其次,他夯实了“文人画”的概念。至晚在北宋,苏东坡就提出了“文人画”(士人画)的概念,尚系一个模糊的初始阶段。而经董其昌的诠释与实践,“文人画”已成为“南画”的同义词。这种以尊崇“顿悟”的形式来抒写内心对外界认识的创作方式,引领了数百年间的中国画坛。
再次,他创造性地提出了“烟云供养”思想,指出书画不仅具有教化意义,还具有“却病延年”的养生功能和陶冶精神的作用,使得知识分子趋之若鹜,寄托情怀,从而极大地推动了书画创作与收藏的普及。因此,《明史》认为,他的贡献与米芾、赵孟頫比肩。
董其昌是一位集大成的艺术品鉴赏大家。
他以实证主义的方法,为后世重构了中国书画发展史,成为中国历史上最受尊崇的书画鉴赏大家之一。

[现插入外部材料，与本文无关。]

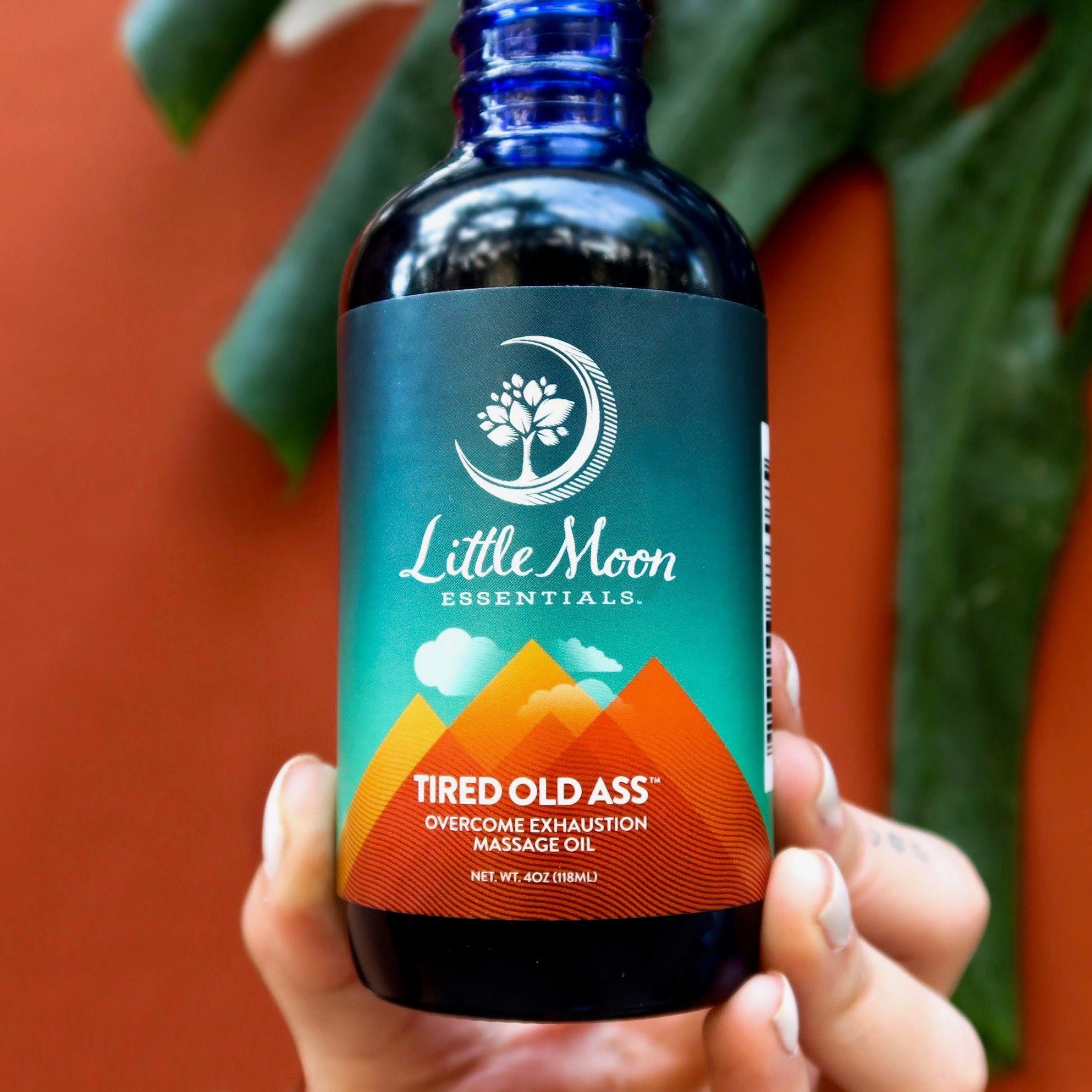 Tired Old Ass™ Body Oil - Little Moon Essentials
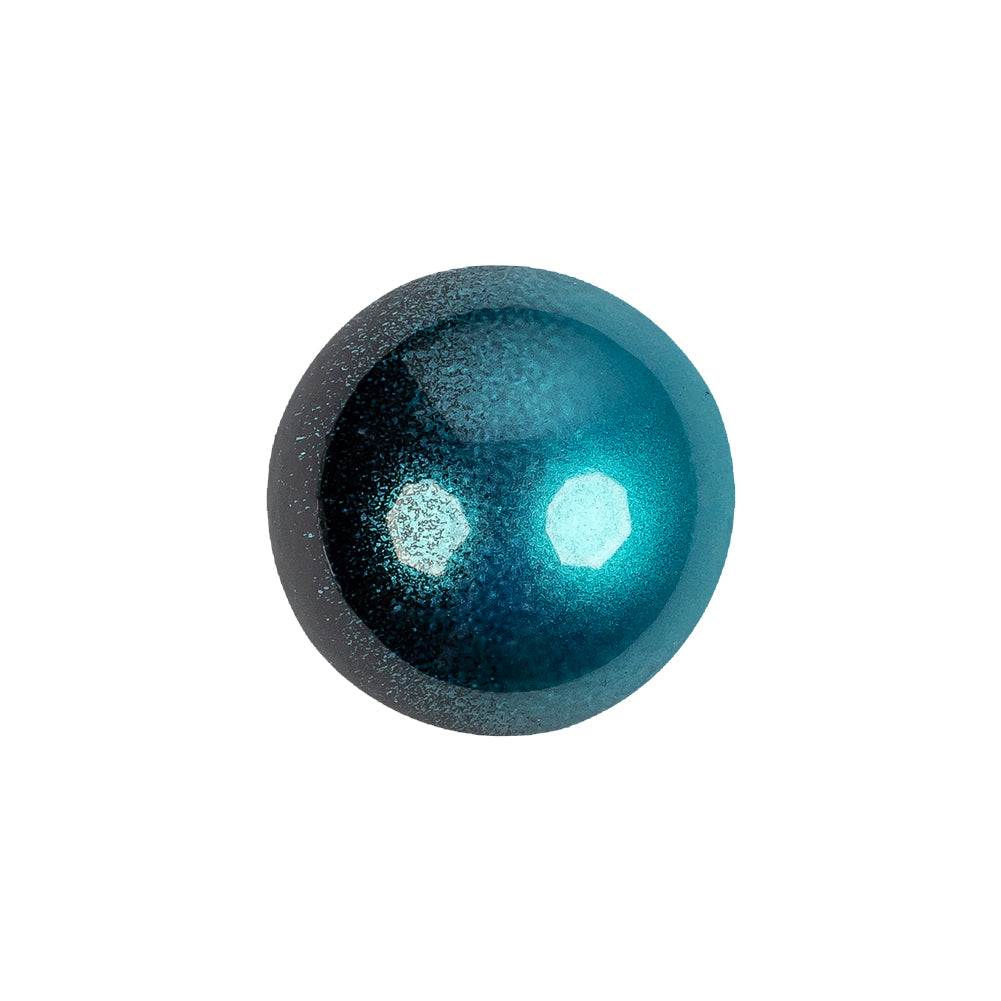Metallic Teal Button - 32L/20mm - Joann Fabrics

董其昌所采用的“目鉴”方法,是在总结前人智慧的基础上得以完善,而这种方法延续至今,仍然被赞誉为最可靠、最实用的方法。而且,正是由于董其昌劳心费神地进行存世书画的整理、鉴定,使得当下的我们得以以游廊的形式,观赏中国历代绝伦美妙的书画,并引以为民族自信。试想一下,世界各地博物馆珍藏的中国古代书画中,若少了董其昌的梳理、题识和赏鉴,是多么苍白与遗憾。中国历代书画是中华文明极为辉煌的组成部分之一,其绚丽与多姿,犹如丽人颈前的珍珠链,光彩夺目,而编制“项链”的这项美丽工作,董其昌厥功至伟。
董其昌是一位影响深远的书画家。
他提出“以蹊径之奇怪论,则画不如山水;以笔墨之精妙论,则山水决不如画”的“笔墨论”思想,是一种认识美学的新觉悟;他创建的“山水程式”画风,奠定了所谓“正统画派”的基础;他所创造的“秀逸一路”书法风格,成就卓越,开创了一代新风。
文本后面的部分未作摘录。